Albums you are listening to now:

In preparation for Prestidigitation, I began listening to all the music from the fusion era. I'm still listening. Plus: Cory Wong, Snarky Puppy.

Desert Island picks:

Box sets are cheating, right? Bill Evans: The Brilliant / Consecration 1 / Consecration 2 (Timeless Records)
Miles Davis: Boplicity—Reissued, Remastered (Recall Records UK)
Brad Mehldau: Elegiac Cycle (Warner Bros.)
Frederick Chopin: Chopin Complete Edition (Deutsche Grammophon)
Joni Mitchell: Blue (Reprise)

How would you describe the state of jazz today?

Jazz is fabulous. The players are phenomenal. Recording techniques are the best ever. There is no longer any need to stay in an era or a style, to be pure this or that. Total freedom, reverence for the old, enjoyment of the new. I just wish the audience was bigger... !

What are some of the essential requirements to keep jazz alive and growing?

Teach it in schools. Have every school offer jazz band. Let students rent instruments for free, or rent to buy. Radio needs to offer more NEW jazz. We need more DJs, more crossover jazz offerings, more internet streams, etc.
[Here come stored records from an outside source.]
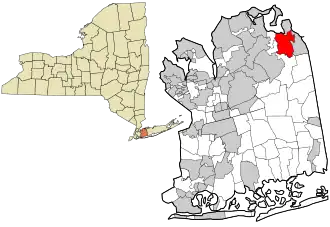 Location in Nassau County and the state of New York.
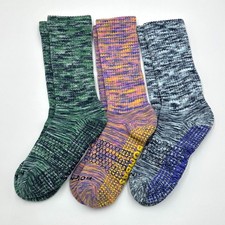 BOMBAS 3 Pairs Women's honeycomb Gripper Calf Socks Cushion 3 Color Mix Size M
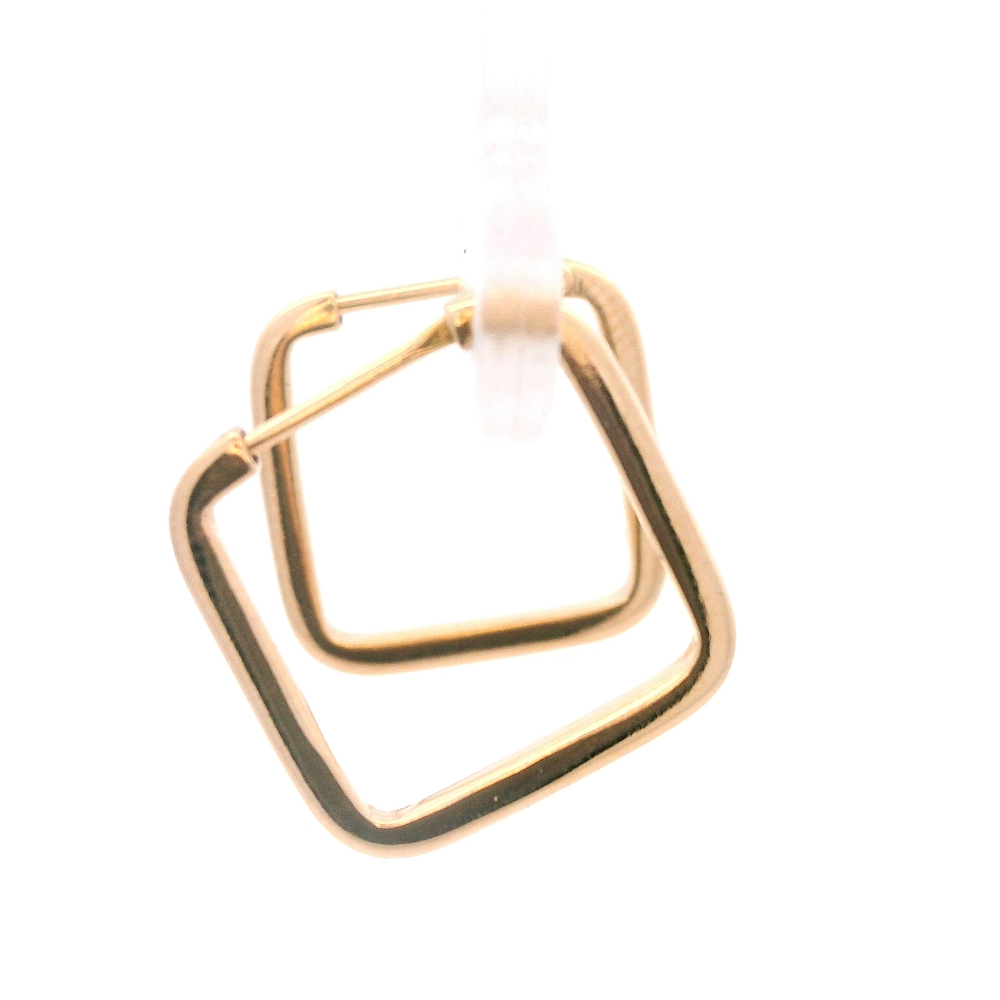 Aros de Oro Amarillo 18K Tubular Cuadrado Plano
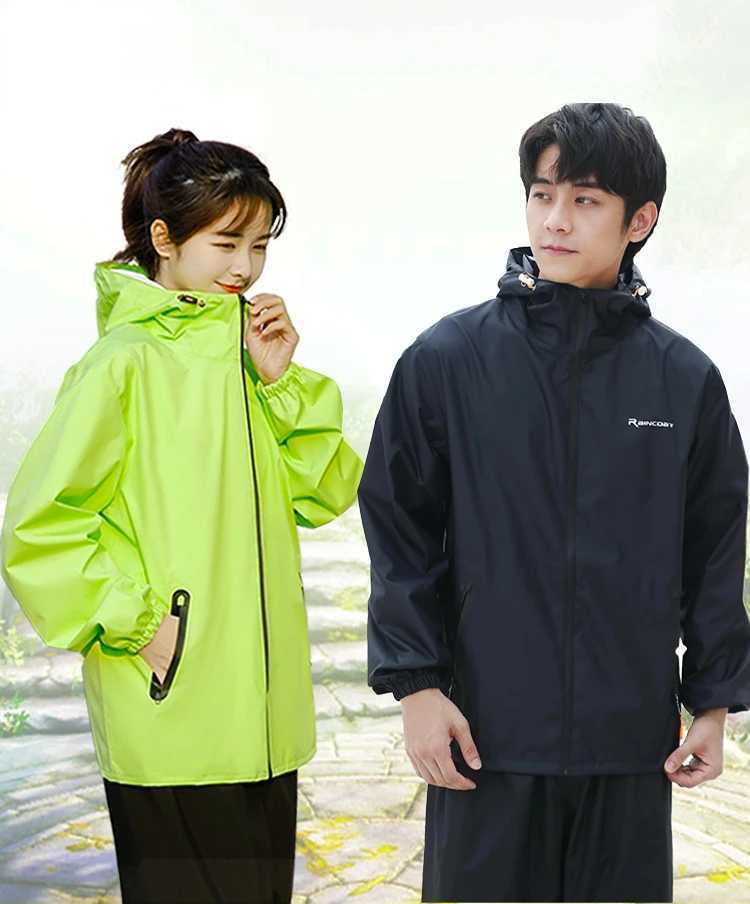 Summer Thin Raincoat Motorcycle Women Man Rain Coat Pant Suit Cycling Waterproof Rain Wear Travel Hiking Poncho Hooded Raincoats Y240810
What is in the near future?

For me? Staying alive is Job One. The will be the first time in my entire career when I will take time to actually promote an album. In the past, I was already writing my next stage play before the casting was done with the last one. I was already composing or arranging my next record before the last one was mastered. Since this may be my last studio recording, I am not starting my next project until next year. I'm spending all this year promoting "Prestidigitation." I still love every track. I listen to it all the time. I am working with radio, print, you name it, to get it out there. Plus, guitarist Paul Nelson agrees it is the best guitar he has ever recorded—in his long career. We both are working to promote the album. Next year, I plan on remastering a 5-volume "Best Of" series of my studio recordings. After that, a 3-volume "Best Of" collection of my piano work. I may rerecord a few tracks.

What's your greatest fear when you perform?
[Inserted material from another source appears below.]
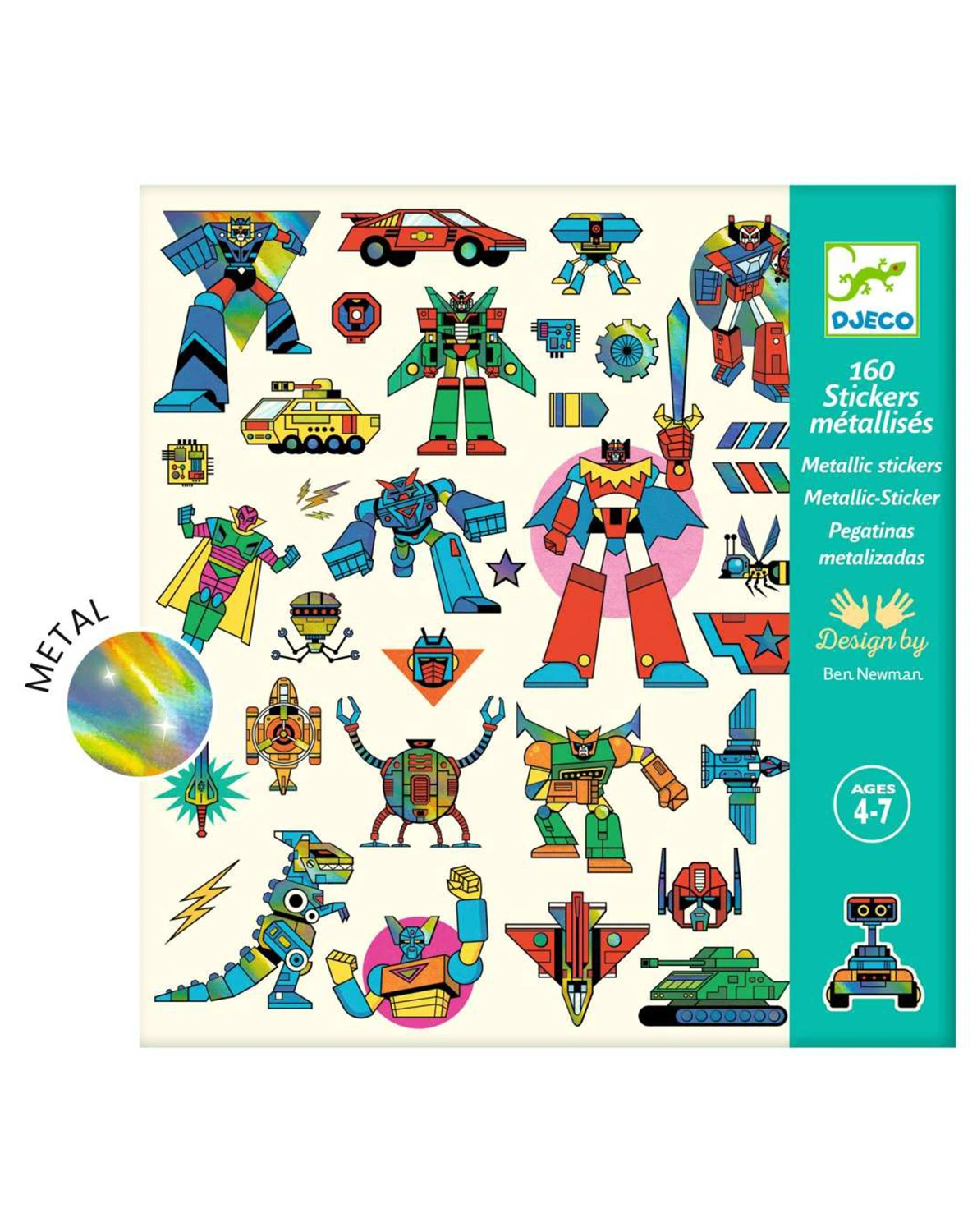 Metallic-Sticker ROBOTER 160-teilig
That my lung will collapse. That I'll start coughing uncontrollably. That my wrist will give out. (All these things have happened.)
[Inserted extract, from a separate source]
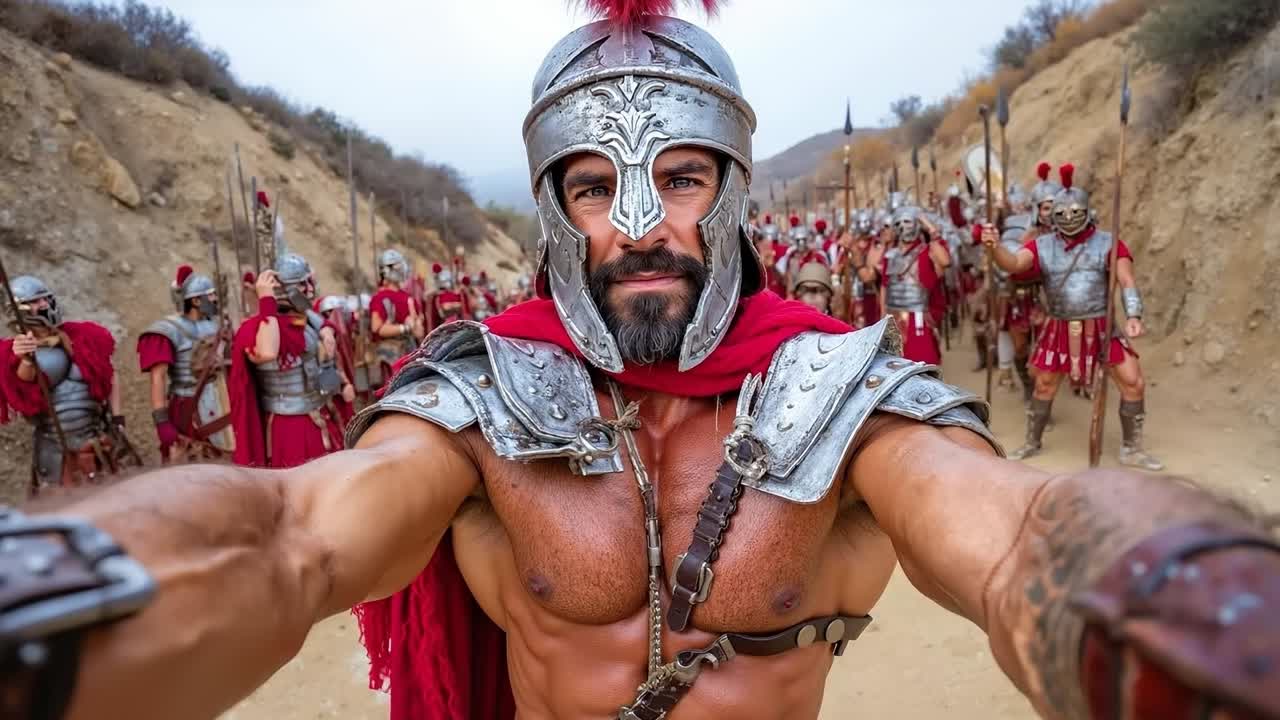 Ein Mann mit Bart und Helm steht vor einer Gruppe Soldaten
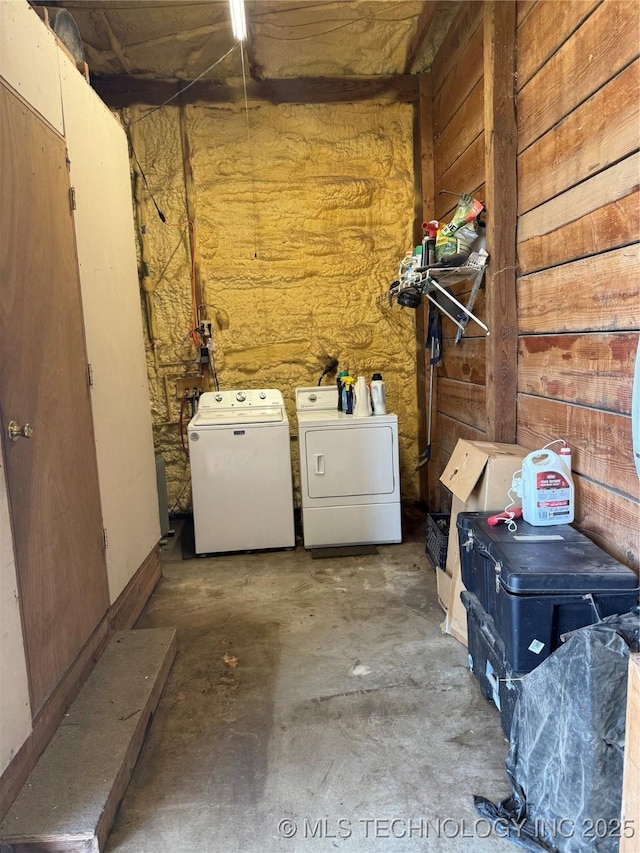 13560 S 4150th Rd, Claremore, OK 74017 - washroom with washer and dryer and wooden walls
What song would you like played at your funeral?

Back when I first found out how sick I was, I recorded an album of me singing tunes for my own funeral. "Song of Myself." If I had to pick one: "Impossible Dream (from Man of La Mancha)." (FYI: I have lived two years longer than the doctors guessed, so I'm pretty pleased, so far.)

What is your favorite song to whistle or sing in the shower?

I never sing in the shower. I love the feel of the water on my skin. In the shower, I live in the moment. All my worries wash away. It's restorative, almost redemptive. I don't let ghosts in the shower with me.

By Day:

I was a playwright for 30 years. I've been a studio musician since. Composer/arranger. Although for three years back in 1980 I was a private detective. We had a son, unexpectedly, and I needed a steady income. Then I got an agent and things turned around. I supplemented things by writing reviews of keyboard gear, and software, helped create two video games, did ad stuff, and learned web design.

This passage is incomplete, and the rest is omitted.